More precisely: the associative holographic regime is logically prior in the evolutionary and developmental sense. It's what biological cognition runs on fundamentally. The sequential symbolic regime is a later, culturally constructed overlay — the Rank 2 achievement, writing and arithmetic as external location-addressed memory — that extends and partially externalizes the associative system's reach. But the overlay cannot replace the substrate, because the kinds of objects the substrate handles cannot in principle be fully captured by sequential symbolic description. Yevick makes this point explicitly: the verbal string that reconstructs a picture is not the picture. What you see is not what you say.

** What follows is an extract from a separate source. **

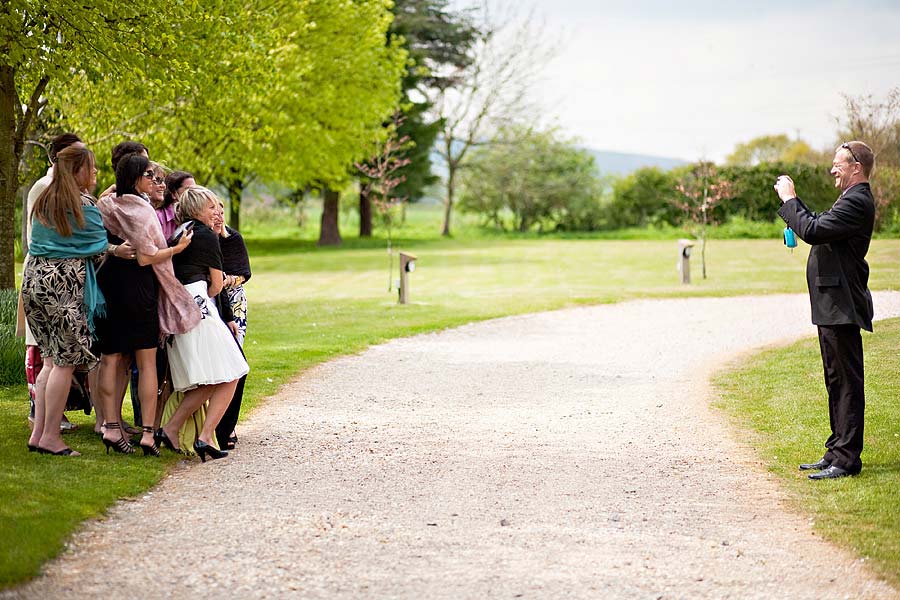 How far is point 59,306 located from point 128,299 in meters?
0.44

The connection to the LLM argument

This now illuminates something important about the LLM situation you identified. An LLM implementing content-addressed associative memory on a location-addressed substrate is — in Yevick's terms — a sequential symbolic system approximating a holographic one. The approximation is impressively good for language, which is itself already a sequential symbolic output of the underlying associative system. But the approximation breaks down precisely at the boundary Yevick identifies: wherever the object being processed is holistically constituted in ways that resist decomposition into sequential symbolic description.

This is why LLMs handle language well but struggle with certain kinds of spatial reasoning, genuine novelty recognition, and the kind of immediate gestalt understanding that humans achieve in a fraction of a second for visual scenes. These aren't engineering failures to be fixed by scaling — they're consequences of the architectural mismatch Yevick diagnosed fifty years ago.

The deeper implication for the ranks framework

What Yevick's logical necessity claim adds to your ranks framework is a grounding for why the ranks had to develop in the order they did and why the substrate never gets fully superseded. Rank 1 culture operates primarily in the holographic regime — myth, ritual, the immediate apprehension of social and natural patterns. Rank 2 constructs the sequential symbolic overlay — writing, arithmetic, explicit rule specification. Rank 3 elaborates that overlay into science and technology. Rank 4 reflects on the overlay itself and discovers its limits — which is precisely what Gödel and Turing did, and what Yevick is doing at the level of logic and computation.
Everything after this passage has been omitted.